TRY IT:
Exclude images and print all the records verbatim.

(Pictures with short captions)
________________________________________
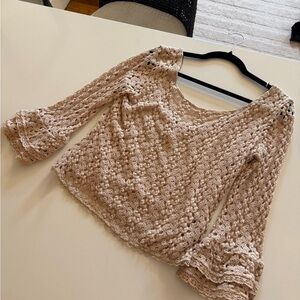 Free People Beige Crochet Bell Sleeve Top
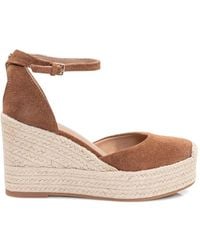 BOSS - Suede Wedge Sandals - Lyst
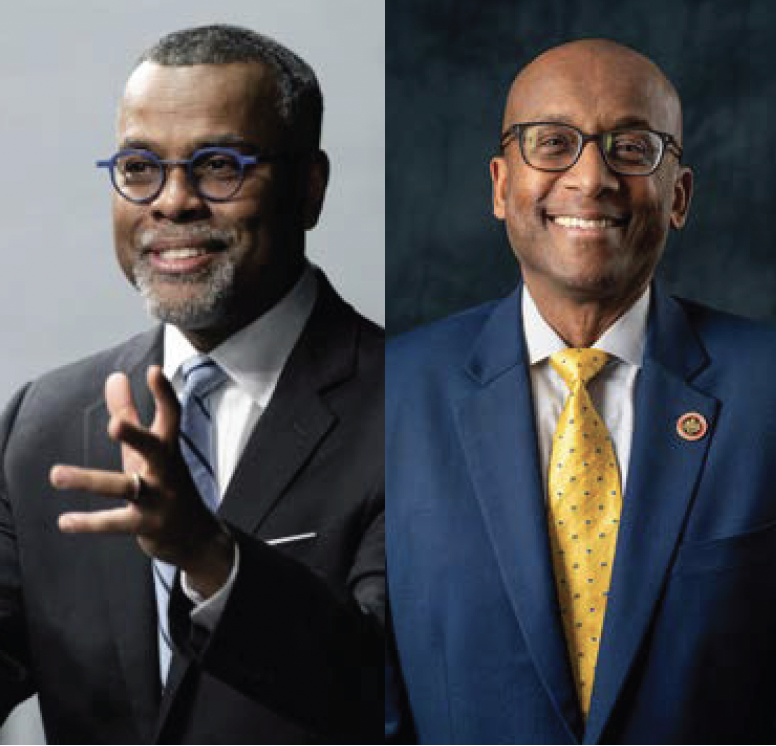 Side-by-side portraits of two men in business attire, one speaking and one smiling at the camera.
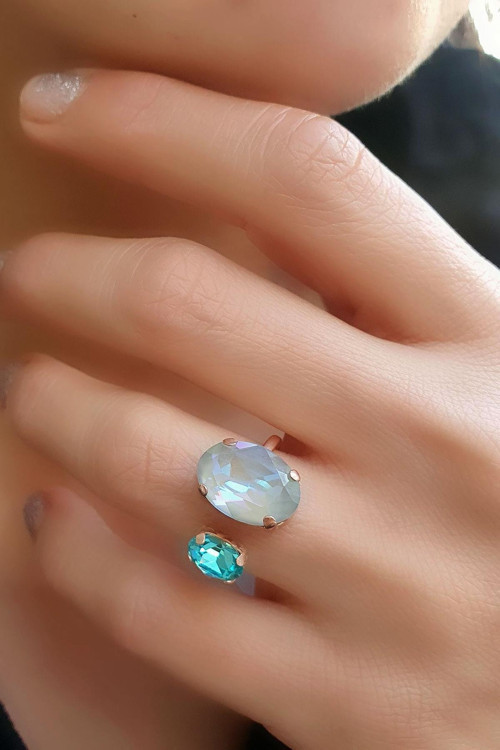 Swarovski Taşlı 925 ayar Gümüş Ayarlanabilir Yüzük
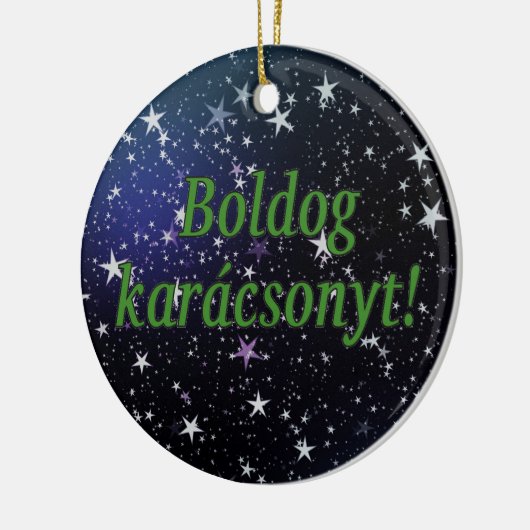 Boldog karácsonyt! Vrolijk kerstfeest in Hongaarse Keramisch Ornament (Links)
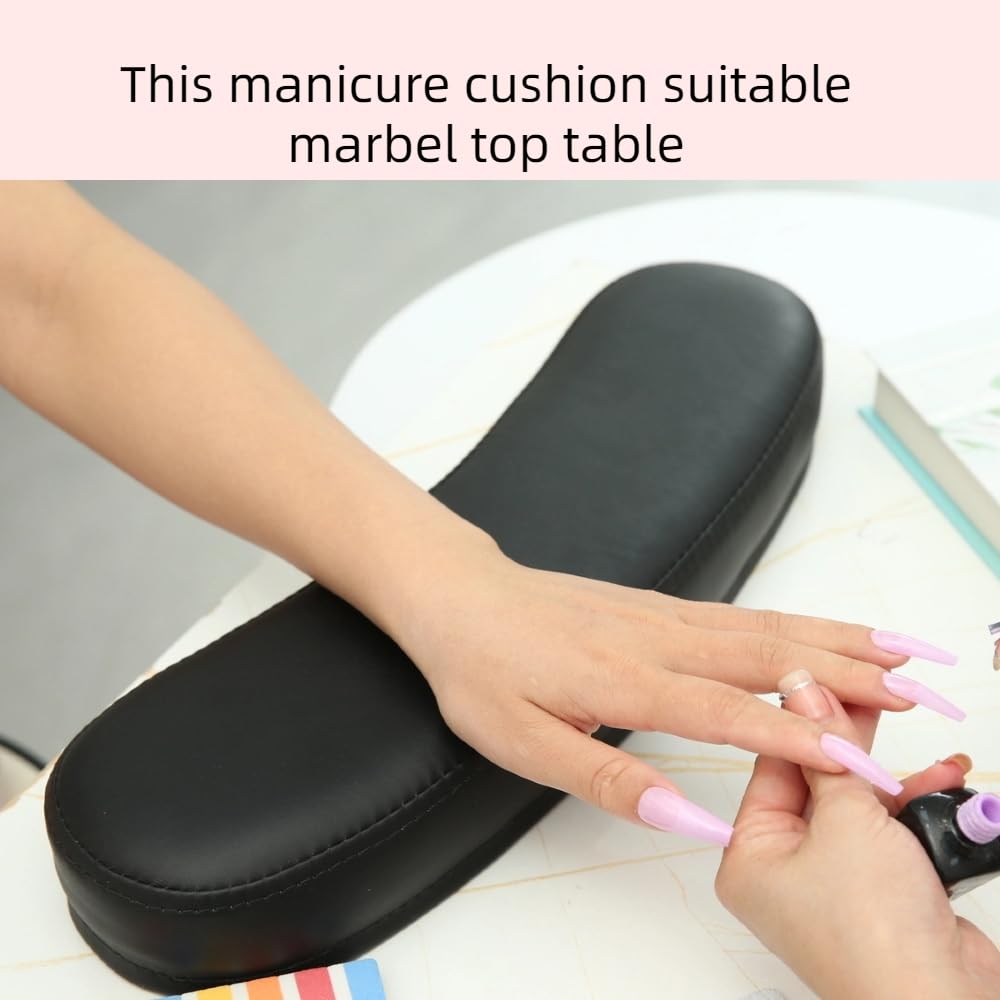 QUEESALN Manicure hand Cushion Pillow Pad, Nail Polish Hand Cushion, Manicure Table Portable Nail Table Hand Cushion Pillow, Nail Art Tools Hand Cushion, Nail SPA Nail Art Salon Home Nail Tech (Black)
________________________________________
SOLUTION FOR THIS EXERCISE:
 Free People Beige Crochet Bell Sleeve Top
 BOSS - Suede Wedge Sandals - Lyst
 Side-by-side portraits of two men in business attire, one speaking and one smiling at the camera.
 Swarovski Taşlı 925 ayar Gümüş Ayarlanabilir Yüzük
 Boldog karácsonyt! Vrolijk kerstfeest in Hongaarse Keramisch Ornament (Links)
 QUEESALN Manicure hand Cushion Pillow Pad, Nail Polish Hand Cushion, Manicure Table Portable Nail Table Hand Cushion Pillow, Nail Art Tools Hand Cushion, Nail SPA Nail Art Salon Home Nail Tech (Black)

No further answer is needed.